If you ever wanted to know how to build a time machine, a professor of astrophysics may just have found out.
For anyone interested in building a time machine, here’s how to do it, according to an astrophysicist.
A professor of astrophysics from the University of Connecticut believes he has discovered a way to travel back in time–at least theoretically.
Professor Ron Mallet revealed in an interview with CNN that he has come up with an actual scientific equation that may serve as the very foundation for building a time machine.
To illustrate a key component of his theory, the astrophysicist has even constructed a prototype device.

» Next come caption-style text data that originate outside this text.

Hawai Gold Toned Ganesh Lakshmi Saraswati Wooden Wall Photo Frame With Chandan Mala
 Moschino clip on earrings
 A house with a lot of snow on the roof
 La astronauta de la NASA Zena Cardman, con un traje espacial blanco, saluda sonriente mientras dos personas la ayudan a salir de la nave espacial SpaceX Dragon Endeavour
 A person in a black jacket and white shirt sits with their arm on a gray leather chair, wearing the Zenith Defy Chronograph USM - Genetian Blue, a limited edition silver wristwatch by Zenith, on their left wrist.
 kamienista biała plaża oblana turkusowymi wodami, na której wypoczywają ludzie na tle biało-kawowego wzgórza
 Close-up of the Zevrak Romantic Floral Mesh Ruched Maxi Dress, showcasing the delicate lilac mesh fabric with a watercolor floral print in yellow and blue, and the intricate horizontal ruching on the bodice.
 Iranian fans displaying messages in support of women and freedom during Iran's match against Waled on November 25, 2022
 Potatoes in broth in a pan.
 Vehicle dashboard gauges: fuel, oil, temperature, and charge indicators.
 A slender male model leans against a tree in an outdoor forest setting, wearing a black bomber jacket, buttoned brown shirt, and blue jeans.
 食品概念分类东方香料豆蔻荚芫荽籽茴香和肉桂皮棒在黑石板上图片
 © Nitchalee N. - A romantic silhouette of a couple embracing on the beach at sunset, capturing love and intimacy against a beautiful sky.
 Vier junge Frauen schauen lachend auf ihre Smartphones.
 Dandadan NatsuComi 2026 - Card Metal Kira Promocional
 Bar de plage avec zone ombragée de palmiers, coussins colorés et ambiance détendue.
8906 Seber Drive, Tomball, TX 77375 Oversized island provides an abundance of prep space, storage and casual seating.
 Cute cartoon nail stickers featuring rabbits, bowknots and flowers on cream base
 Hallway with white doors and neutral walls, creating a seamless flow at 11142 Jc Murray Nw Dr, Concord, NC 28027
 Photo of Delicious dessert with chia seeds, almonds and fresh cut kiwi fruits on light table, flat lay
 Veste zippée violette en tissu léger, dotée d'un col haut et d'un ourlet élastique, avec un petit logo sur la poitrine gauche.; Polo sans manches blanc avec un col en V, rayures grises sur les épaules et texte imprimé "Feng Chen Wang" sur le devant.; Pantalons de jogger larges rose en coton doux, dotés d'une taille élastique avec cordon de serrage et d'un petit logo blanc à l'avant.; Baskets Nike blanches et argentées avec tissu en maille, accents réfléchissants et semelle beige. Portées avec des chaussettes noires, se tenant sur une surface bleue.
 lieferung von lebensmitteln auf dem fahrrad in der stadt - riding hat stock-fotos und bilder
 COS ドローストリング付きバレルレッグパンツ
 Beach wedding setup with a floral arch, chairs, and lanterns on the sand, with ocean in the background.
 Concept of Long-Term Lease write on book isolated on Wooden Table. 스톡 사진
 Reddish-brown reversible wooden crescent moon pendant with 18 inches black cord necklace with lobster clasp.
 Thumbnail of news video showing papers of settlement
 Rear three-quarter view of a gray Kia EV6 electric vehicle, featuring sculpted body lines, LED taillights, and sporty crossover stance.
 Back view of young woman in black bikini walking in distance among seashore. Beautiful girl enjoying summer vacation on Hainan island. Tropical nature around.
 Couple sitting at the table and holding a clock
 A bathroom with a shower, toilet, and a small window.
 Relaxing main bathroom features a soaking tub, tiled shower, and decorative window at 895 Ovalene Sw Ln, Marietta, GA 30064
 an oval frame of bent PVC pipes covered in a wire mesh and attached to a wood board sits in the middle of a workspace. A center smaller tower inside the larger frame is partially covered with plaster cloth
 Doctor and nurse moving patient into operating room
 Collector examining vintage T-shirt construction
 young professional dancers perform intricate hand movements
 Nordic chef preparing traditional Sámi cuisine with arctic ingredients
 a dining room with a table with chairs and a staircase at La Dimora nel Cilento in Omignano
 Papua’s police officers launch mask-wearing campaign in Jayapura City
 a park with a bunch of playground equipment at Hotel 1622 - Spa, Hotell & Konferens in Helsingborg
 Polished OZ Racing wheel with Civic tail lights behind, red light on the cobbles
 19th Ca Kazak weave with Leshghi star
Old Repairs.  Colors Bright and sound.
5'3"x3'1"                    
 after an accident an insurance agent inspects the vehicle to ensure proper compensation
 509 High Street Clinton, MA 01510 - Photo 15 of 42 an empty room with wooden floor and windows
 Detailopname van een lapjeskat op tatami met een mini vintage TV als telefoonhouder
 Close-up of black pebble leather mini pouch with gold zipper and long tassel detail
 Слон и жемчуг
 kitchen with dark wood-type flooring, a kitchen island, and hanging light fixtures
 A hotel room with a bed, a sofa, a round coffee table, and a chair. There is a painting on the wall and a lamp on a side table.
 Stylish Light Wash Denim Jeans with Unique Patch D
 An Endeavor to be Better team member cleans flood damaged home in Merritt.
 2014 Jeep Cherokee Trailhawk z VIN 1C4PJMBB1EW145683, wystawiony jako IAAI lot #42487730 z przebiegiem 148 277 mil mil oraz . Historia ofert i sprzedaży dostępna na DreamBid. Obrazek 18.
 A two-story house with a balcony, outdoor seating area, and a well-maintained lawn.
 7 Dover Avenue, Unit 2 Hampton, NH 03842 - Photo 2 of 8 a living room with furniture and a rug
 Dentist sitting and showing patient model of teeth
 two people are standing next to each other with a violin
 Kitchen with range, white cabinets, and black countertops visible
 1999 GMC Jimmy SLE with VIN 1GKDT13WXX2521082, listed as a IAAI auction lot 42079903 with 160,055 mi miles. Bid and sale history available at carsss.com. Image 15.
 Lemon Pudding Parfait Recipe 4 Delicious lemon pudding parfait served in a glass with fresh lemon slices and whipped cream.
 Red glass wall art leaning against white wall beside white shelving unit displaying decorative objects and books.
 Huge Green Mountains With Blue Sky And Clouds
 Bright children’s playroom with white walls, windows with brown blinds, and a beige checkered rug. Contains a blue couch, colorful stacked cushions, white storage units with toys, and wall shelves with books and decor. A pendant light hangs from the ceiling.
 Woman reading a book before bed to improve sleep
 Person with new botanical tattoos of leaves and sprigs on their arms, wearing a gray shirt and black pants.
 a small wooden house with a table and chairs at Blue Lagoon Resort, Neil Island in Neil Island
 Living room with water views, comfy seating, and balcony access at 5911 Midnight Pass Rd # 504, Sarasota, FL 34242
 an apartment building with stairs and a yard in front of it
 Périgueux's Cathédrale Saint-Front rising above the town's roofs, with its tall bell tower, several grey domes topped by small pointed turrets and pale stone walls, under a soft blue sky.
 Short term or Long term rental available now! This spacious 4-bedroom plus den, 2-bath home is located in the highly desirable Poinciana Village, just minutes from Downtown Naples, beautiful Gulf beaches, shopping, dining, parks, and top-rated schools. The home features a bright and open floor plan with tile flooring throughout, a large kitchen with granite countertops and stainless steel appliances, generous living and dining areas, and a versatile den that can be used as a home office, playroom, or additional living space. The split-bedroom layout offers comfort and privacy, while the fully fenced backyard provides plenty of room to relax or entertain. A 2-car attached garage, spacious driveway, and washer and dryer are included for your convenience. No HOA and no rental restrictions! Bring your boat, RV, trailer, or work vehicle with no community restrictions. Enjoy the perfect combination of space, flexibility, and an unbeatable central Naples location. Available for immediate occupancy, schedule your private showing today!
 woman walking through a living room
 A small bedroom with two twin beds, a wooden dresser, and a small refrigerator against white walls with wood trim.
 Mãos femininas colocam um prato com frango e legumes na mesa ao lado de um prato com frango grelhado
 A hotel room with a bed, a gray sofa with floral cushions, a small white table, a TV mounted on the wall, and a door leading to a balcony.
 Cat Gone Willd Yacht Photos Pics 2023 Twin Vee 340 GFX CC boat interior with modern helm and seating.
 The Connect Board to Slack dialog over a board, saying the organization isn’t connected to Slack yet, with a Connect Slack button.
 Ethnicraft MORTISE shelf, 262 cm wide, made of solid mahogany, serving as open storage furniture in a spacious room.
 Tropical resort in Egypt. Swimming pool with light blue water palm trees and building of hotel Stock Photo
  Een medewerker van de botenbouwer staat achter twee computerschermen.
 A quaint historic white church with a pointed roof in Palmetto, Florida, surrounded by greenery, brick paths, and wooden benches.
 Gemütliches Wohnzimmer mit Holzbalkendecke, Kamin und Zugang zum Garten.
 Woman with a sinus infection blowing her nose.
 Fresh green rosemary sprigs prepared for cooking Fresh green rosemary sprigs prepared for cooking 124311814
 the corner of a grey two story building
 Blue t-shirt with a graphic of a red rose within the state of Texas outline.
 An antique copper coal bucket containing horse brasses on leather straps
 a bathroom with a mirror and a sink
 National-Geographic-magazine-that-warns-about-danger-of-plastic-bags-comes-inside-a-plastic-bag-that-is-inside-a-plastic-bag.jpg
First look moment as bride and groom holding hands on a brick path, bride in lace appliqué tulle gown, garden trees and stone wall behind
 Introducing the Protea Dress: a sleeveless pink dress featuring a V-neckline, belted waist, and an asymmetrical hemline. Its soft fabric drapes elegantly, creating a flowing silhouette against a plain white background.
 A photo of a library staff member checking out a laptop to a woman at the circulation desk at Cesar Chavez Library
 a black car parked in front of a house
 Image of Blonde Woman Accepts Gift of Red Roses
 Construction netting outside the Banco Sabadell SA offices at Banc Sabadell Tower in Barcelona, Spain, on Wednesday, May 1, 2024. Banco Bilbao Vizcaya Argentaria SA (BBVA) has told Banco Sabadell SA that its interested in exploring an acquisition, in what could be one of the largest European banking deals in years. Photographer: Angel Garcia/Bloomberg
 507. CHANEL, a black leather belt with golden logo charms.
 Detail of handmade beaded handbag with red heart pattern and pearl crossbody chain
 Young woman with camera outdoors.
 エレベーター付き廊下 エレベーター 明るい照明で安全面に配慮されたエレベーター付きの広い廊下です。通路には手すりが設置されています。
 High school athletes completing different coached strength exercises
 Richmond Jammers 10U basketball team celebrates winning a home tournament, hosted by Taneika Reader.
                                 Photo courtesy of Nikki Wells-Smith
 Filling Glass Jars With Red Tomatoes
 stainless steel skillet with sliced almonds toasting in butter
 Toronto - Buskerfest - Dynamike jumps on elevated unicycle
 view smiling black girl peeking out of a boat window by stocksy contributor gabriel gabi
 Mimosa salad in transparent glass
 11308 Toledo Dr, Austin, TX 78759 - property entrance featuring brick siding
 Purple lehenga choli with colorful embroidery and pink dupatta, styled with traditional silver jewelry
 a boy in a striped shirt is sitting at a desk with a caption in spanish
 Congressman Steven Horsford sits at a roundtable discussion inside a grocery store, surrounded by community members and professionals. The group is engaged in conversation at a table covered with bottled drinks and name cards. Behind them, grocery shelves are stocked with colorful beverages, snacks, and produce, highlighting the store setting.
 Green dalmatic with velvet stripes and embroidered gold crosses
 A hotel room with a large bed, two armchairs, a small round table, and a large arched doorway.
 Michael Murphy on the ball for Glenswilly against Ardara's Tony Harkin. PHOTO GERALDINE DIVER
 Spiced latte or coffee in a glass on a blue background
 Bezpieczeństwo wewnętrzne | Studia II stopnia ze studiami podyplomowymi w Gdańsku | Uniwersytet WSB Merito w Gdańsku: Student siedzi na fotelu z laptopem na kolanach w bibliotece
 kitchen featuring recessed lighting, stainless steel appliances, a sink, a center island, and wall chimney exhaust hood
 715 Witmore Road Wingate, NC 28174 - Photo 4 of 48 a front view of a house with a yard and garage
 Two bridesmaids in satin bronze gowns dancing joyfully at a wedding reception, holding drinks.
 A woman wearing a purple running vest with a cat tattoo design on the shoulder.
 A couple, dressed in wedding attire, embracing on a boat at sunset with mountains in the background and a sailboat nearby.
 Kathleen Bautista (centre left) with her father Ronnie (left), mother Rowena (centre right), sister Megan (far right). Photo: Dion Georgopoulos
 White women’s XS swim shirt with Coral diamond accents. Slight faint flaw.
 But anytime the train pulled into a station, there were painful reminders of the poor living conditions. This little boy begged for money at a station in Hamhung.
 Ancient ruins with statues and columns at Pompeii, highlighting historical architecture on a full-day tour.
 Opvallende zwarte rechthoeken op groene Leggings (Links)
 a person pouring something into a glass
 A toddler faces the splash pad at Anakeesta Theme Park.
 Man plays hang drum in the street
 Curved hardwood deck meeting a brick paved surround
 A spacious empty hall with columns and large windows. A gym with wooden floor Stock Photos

Mallett’s time machine is based on the very basics of the famous theory of special relativity developed by famed scientist Albert Einstein which dictates that time accelerates or decelerates depending on the speed at which a specific object is moving.
In other words, if a person was inside a spaceship traveling almost at the speed of light, time would pass much more slowly for them than it would for someone on a planet like Earth.
Theoretically, an astronaut aboard such a ship could fly around space for a few they, but when he returned to Earth, 10 years would have passed for the people that were on Earth, which would essentially seem as if the astronaut had actually traveled into the future.
Nonetheless, many experts (not in time travel obviously, but in astrophysics) agree that traveling like that into the future may be possible, time-traveling into the past is a big no-no.
However, Professor Mallett believes that we can actually make it happen using lasers.
As he explained in his interview with CNN, his idea for a time machine is based upon a couple of Einstein’s theories, one of which is the general theory of relativity. This theory states that massive objects can bend space-time and the stronger that pull is (gravity) the slower time would pass.
Mallett explained: “If you can bend space, there’s a possibility of you twisting space. In Einstein’s theory, what we call space also involves time — that’s why it’s called space-time, whatever it is you do to space also happens to time.”
Mallett thinks that it would be theoretically possible to twist time into a sort of loop that would then allow the traveler to venture out into the past and to explain his theory, the astrophysicist has built a device that illustrates how lasers can help someone travel into the past.
“By studying the type of gravitational field that was produced by a ring laser. this could lead to a new way of looking at the possibility of a time machine based on a circulating beam of light.”
A mathematical equation backs up his theory and may prove that his idea isn’t so far-fetched after all.